WHAT THE EXERCISE ASKS: Among the entries below, one line contains "Embroidered V-neck A-line" and another contains "Off The Shoulder". Transcribe those two lines and every line between them, exactly.

DATA FOR THE TASK:
☆ ☆ ☆ ☆

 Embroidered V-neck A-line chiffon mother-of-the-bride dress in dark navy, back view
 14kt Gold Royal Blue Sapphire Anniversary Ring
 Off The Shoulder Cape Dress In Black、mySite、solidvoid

☆ ☆ ☆ ☆

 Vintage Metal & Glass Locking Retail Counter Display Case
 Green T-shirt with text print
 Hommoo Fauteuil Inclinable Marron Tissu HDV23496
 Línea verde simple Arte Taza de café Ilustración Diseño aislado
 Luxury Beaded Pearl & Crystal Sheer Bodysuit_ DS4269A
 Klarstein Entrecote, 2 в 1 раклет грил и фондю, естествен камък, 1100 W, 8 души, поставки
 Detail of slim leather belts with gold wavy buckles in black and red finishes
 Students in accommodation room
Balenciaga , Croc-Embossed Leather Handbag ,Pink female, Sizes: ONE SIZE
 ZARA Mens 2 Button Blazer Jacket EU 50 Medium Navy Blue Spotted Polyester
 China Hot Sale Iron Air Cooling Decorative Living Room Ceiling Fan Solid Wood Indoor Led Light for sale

☆ ☆ ☆ ☆

RESPONSE:
 Embroidered V-neck A-line chiffon mother-of-the-bride dress in dark navy, back view
 14kt Gold Royal Blue Sapphire Anniversary Ring
 Off The Shoulder Cape Dress In Black、mySite、solidvoid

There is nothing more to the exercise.